Near field effects- where a transmitting or receiving antenna has a near-field zone where local inductive fields are significant, and within which it is not simple to predict the effect of other objects.

Obstruction – the physical obstruction to the radio path by a turbine structure that is attenuating the received and/or transmitted signal.

Diffraction – although not directly obstructing the radio signal, because of the wave-like nature of a radio signal, large structures close to the radio path can cause interference patterns to be generated.

Reflection/Scattering – where the radio waves are reflected or scattered off a large structure and interfere with the wanted signal.

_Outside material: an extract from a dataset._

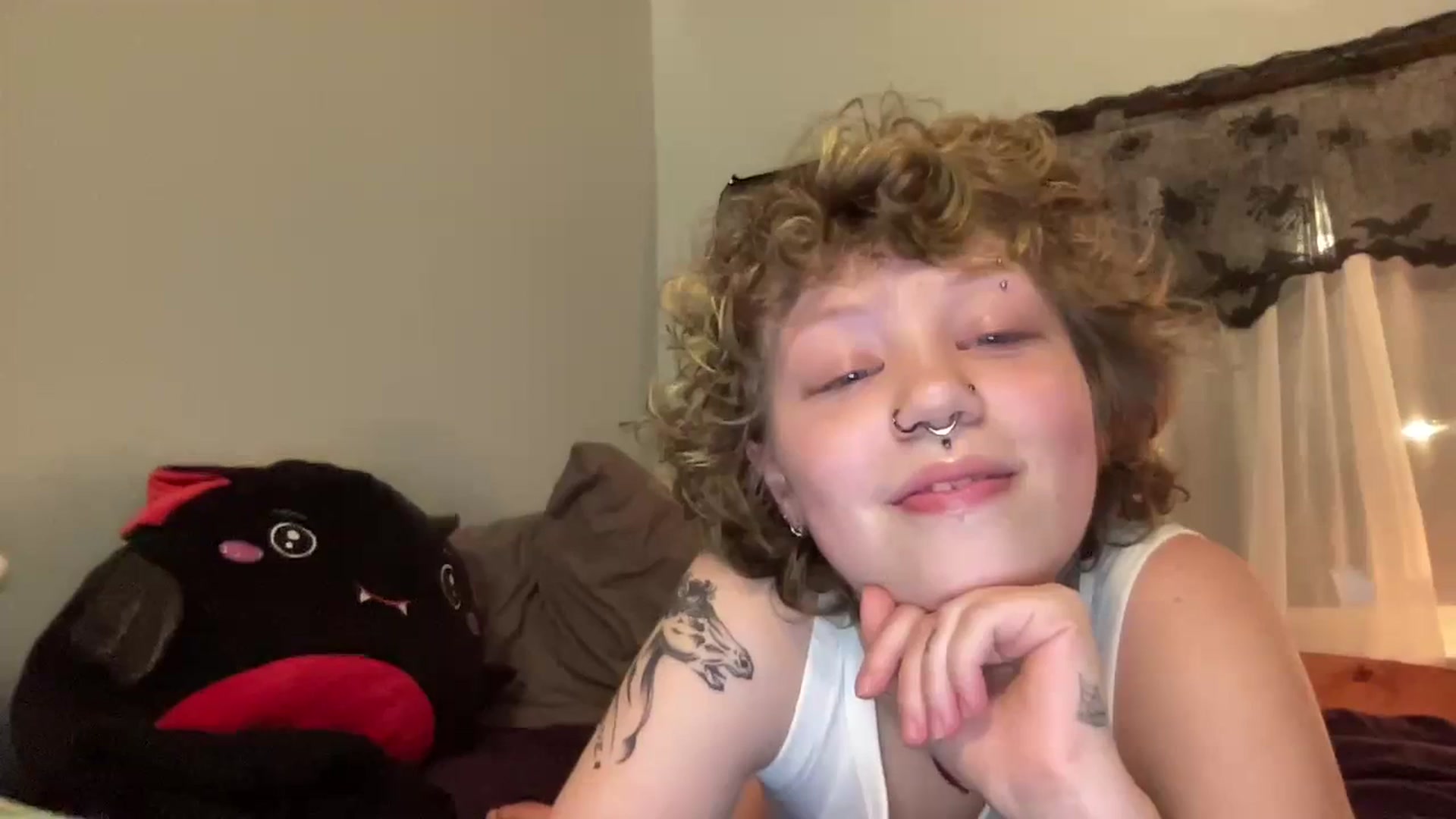 Gallery image thumbnail from bigbootynsfw's myfreecams stream on, 01/14/2024, 02:00 image 13 of 20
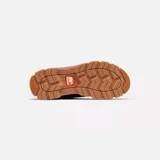 Bota de invierno Sorel modelo Tivoli V, confeccionada en gamuza color tostado con base de goma negra impermeable. Presenta cuello con forro de piel sintética, cordones negros y suela dentada de goma en color marrón.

(39) At UHF frequencies and with the sort of antennas deployed for telemetry links, the near field clearance zone is always less than the other clearance zones and is therefore not usually used in the determination of the Clearance Zone.

(40) When protecting link availability approaching 99.9%, the wind turbine must be profiled in the worst case, i.e. With maximum horizontal profile, maximum radar cross section, maximum Doppler shift, etc. It is accepted that all of these conditions will not be fulfilled at all times, and in practice may only be for a small percentage of time. However, it must be remembered that the total tolerance for loss of service to such a link is no more than 0.1% of the time.

(41) The Clearance Zone is not an amalgam of the Diffraction and Reflection/Scattering Zones but simply the largest one of these zones.

2.1 Determining the Diffraction Clearance Zone

(42) The Diffraction Clearance Zone used by JRC for evaluating wind farms on links below 1000 MHz when the path is line-of-sight, has been modified to the following:

For structures with non-moving elements or small turbines having moving elements with less than 380m2 swept area, the clearance is determined by the swept area of the turbine with respect to the Fresnel zone (<20%) providing the turbine blade does not cut the link ray.

For structures with moving elements above 380m2, 0.6 Fresnel zone clearance is presently used.*

For links above 1000 MHz, 2.0 Fresnel zones are still used.*

* These figures are under review.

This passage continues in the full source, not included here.